Marilyn Monroe
Page 2
Ida was a severe-looking woman with a long face, prominent nose, and coal-black haphazardly cropped hair. The Bolenders were members of the Unified Pentecostal Church. Della Monroe was also a member of this church, and they had Norma Jeane baptized at the church by Aimee Semple McPherson, the flamboyant and popular evangelist.
These early years were confusing for Norma Jeane. She was surrounded by children—her foster brothers and sisters—but often these kids came and went. Norma Jeane became particularly close to a boy named Lester, who was born only a couple of months after her. Lester and Norma Jeane resembled each other, shared a bedroom, and became so inseparable that they were referred to as “the twins.” Ida often dressed them in matching outfits.
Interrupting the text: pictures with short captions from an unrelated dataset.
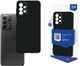 Etui plecki 3MK Matt Case do Samsung Galaxy A23 4G/A23 5G Black (5903108467742) - obraz 1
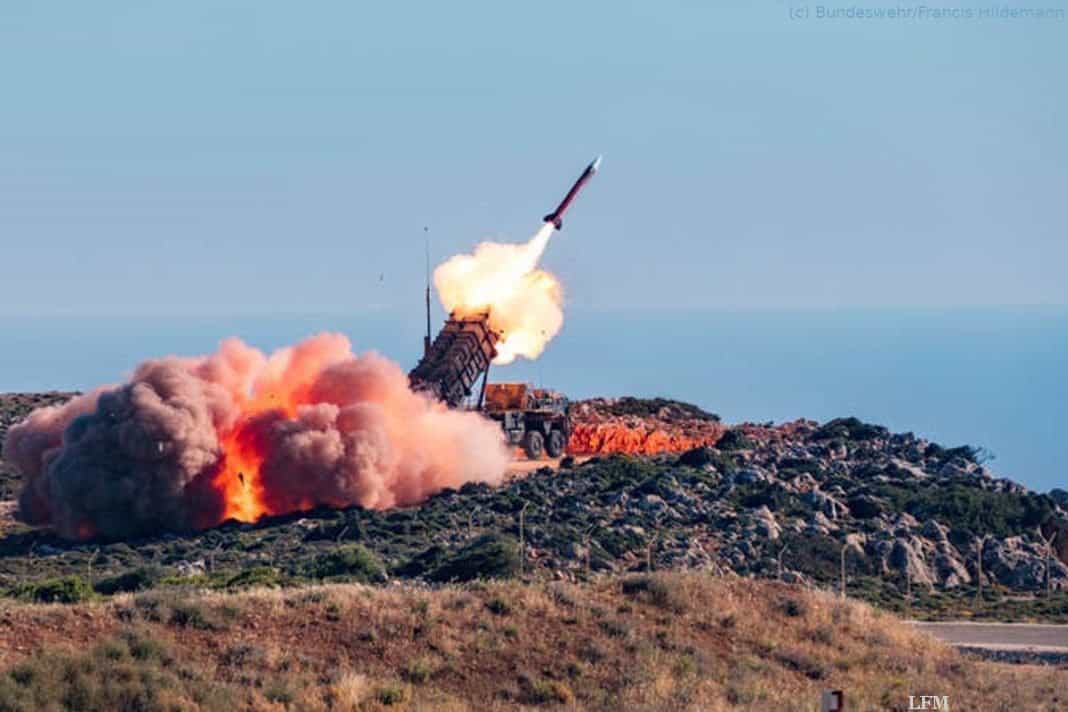 NATO Missile Firing Installation (NAMFI) auf Kreta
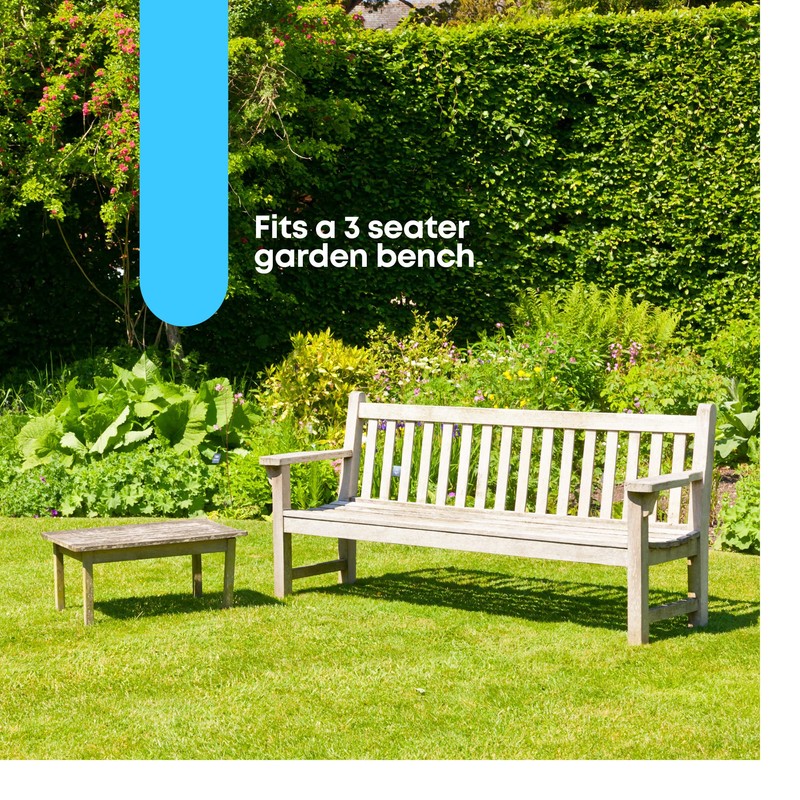 FiNeWaY HEAVY DUTY GARDEN 3 SEATER BENCH SEAT COVER WATERPROOF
The Bolenders adopted Lester and later said they seriously considered adopting Norma Jeane as well, but for one reason or another they never did.*
* * *
When Norma Jeane was one, Della Monroe had a mental snap and broke into the Bolender house looking for her granddaughter. Ranting and hallucinating, she elbowed through the glass of the front door. Muttering about sin and family, she found Norma Jeane slumbering in her bed and began to smother the child by pressing a pillow onto her face. In a fit of religious zeal, she was trying to destroy her daughter’s “sin.” Ida rushed in and saved Norma Jeane. The police were called, and a screeching, babbling Della was hauled out.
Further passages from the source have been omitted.